UNCLOS sendiri mengatur bahwa kedua negara yang sedang dalam proses perundingan batas maritim wajib untuk membuat sebuah perjanjian Sementara, agar aktivitas manusia di area yang belum selesai batas maritimnya tersebut tetap dapat terlaksana dengan kondusif dan minim konflik.
baca juga : Tahun Berganti, Sengketa Laut Masih Belum Berakhir di Natuna
Berkaitan dengan Indonesia dan Vietnam, jauh sebelum disepakatinya garis batas ZEE kedua negara pada Desember 2022, kapal-kapal ikan Vietnam telah beroperasi secara intensif di area tumpang tindih klaim ZEE Indonesia-Vietnam di LNU dan bahkan jauh sampai ke bagian selatan dari area tumpang tindih klaim ZEE yang merupakan wilayah ZEE Indonesia.
Aktivitas kapal ikan Vietnam dan VFRS ini jelas melanggar hak berdaulat Indonesia. Pemerintah Indonesia berwenang menindak pelanggaran-pelanggaran tersebut, termasuk penangkapan kapal dan penuntutan pidana.
Kemudian, penggunaan pair trawl oleh KIA Vietnam juga berdampak pada kerusakan karang sebagai habitat ikan. Alat penangkapan ikan (API) tersebut bisa merusak sumber daya ikan (SDI) dan dilarang penggunaannya di seluruh wilayah pengelolaan perikanan Negara Republik Indonesia (WPPNRI).
Pengamanan Laut
Panglima Komando Armada TNI Angkatan Laut Erwin S Aldedharma mengakui ada sejumlah kendala dalam pelaksanaan tugas keamanan laut (kamla) di wilayah LNU, salah satunya adalah dukungan logistik dan bahan bakar.
“Logistik dan bahan bakar kami masih terbatas, jadi kurang mampu memaksimalkan tugas di Laut Natuna Utara yang sangat luas,” ungkap dia.
Sementara, Deputi Operasi dan Latihan Badan Kamla Republik Indonesia (Bakamla RI) Bambang Irawan menyatakan bahwa kegiatan IUUF memang masih menjadi ancaman tertinggi di perairan Indonesia.
Menurut dia, saat ini nilai Indeks Keamanan Laut Indonesia (IKL) masih berada di angka 53, berarti kondisinya sudah cukup. Akan tetapi, perbaikan untuk memperkuat kamla masih akan terus dibutuhkan agar lebih maksimal dan terus membaik.

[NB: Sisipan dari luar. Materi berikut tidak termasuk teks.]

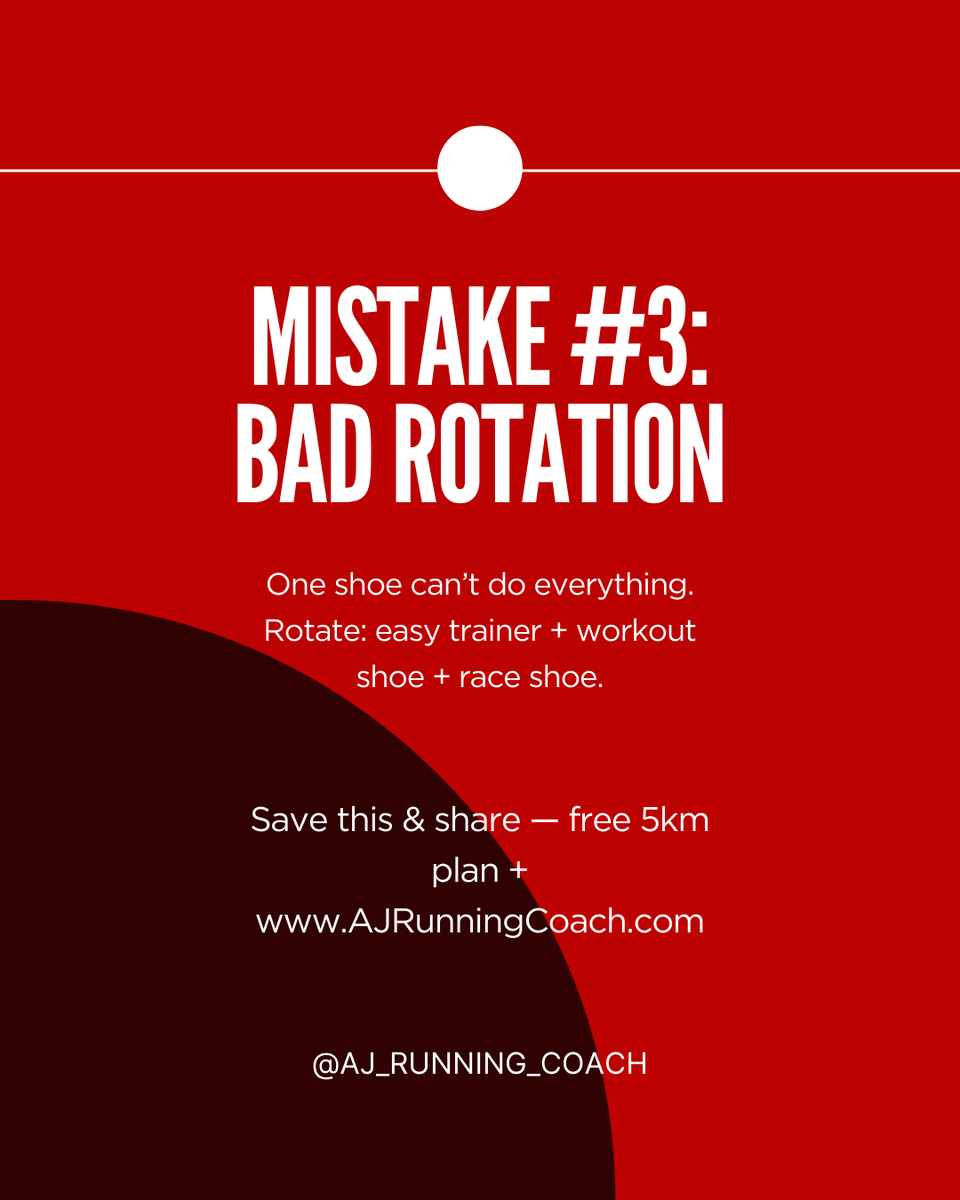 AJ Running Coach tweet media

Untuk meningkatkan keamanan laut pula, Bakamla sudah memetakan proyeksi ancaman di perairan Indonesia sekaligus menyusun perencanaan terkait implementasi Peraturan Pemerintah (PP) Nomor 13 Tahun 2022.
“PP tersebut mengatur kebijakan nasional terkait keamanan, keselamatan, dan penegakan hukum di wilayah perairan Indonesia dan wilayah yurisdiksi Indonesia,” papar dia.
baca juga : Catatan Akhir Tahun: Angan-angan Menyelamatkan Laut Natuna
Selain kegiatan IUUF, citra satelit juga menunjukkan ada tumpahan minyak di sejumlah titik perairan yang ada di dalam wilayah perairan dalam negeri dan wilayah perairan yang menjadi batas Indonesia dengan negara lain.
Tumpahan-tumpahan minyak tersebut tentu sangat membahayakan ekosistem laut dan kawasan konservasi, termasuk terumbu karang yang hidup di wilayah perairan dan yurisdiksi Indonesia.
Salah satu contoh pencemaran laut dari kapal yang melintas adalah kapal ALESSA, kapal tanker berjenis Chemical Tanker yang berbendera Indonesia dan dimiliki oleh PT Mitra Sinar Maritim. Pada 7 Maret 2023, Kapal itu terdeteksi melintas di perairan sebelah timur Simeulue, Sumatera Utara.
Kemudian, ada juga tumpahan minyak sepanjang 7 km yang terdeteksi pada 16 Maret 2023 di sebelah timur perairan Johor, Malaysia. Tumpahan minyak tersebut hanya berjarak 50 hingga 60 km sebelah utara Pulau Bintan, Kepulauan Riau.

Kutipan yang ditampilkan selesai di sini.